Sommes-nous les instruments de soulagement d’un système qui mutile ?
Voici une lettre ouverte « aux psys », écrite par Vincent Wattelet, psychologue et formateur en processus de transition.
Cher·e·s psys,
Depuis un certain temps, j’ai envie de nous écrire.
Nous, dont une partie de la vie est tournée vers le soin de l’autre, nous qui souhaitons que la personne que nous accompagnons s’individue, devienne pleinement sujet. Nous, qui posons des cadres thérapeutiques, des contenants sécurisants pour que la psyché de cette personne ne se mêle pas (trop) à la nôtre, pour lui garantir une liberté fondamentale.
Souvent, nous travaillons avec la personne seule. Il nous arrive aussi de travailler avec le couple, les parents, la famille, l’institution, l’organisation, élargissant ainsi la compréhension de ce qui fait symptôme, de ce qui s’ankylose et des possibilités de remettre du mouvement.
Avec des courants comme la systémique, la santé psychique de l’individu n’est plus uniquement liée à sa subjectivité, mais dépend aussi fortement de son tissu relationnel, des systèmes (familiaux, professionnels, etc.) dans lequel l’individu évolue et de la santé de ces derniers. Des mouvements comme la psychiatrie démocratique élargissent encore cette interdépendance psychique, en entrelaçant la psyché avec la société.

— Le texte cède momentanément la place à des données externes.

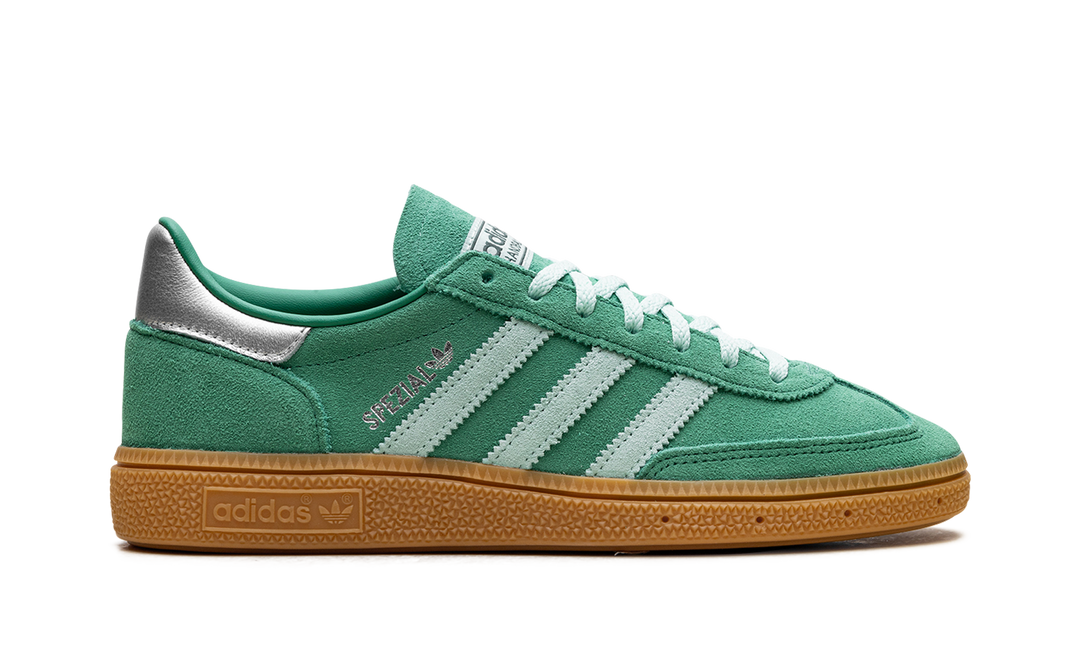 ADIDAS HANDBALL SPEZIAL SEMI COURT GREEN CLEAR MINT GUM (WOMEN&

Est-ce possible, voire sain, d’être en bonne santé dans une société qui dysfonctionne ?
L’écopsychologie va plus loin, ou plutôt revient aux racines plus anciennes de l’humain. « Une plante ne pousse pas sous une pierre. » Elle postule que notre psyché est profondément liée à la Terre et que ce lien rend impossible la santé de l’une si l’autre est en souffrance.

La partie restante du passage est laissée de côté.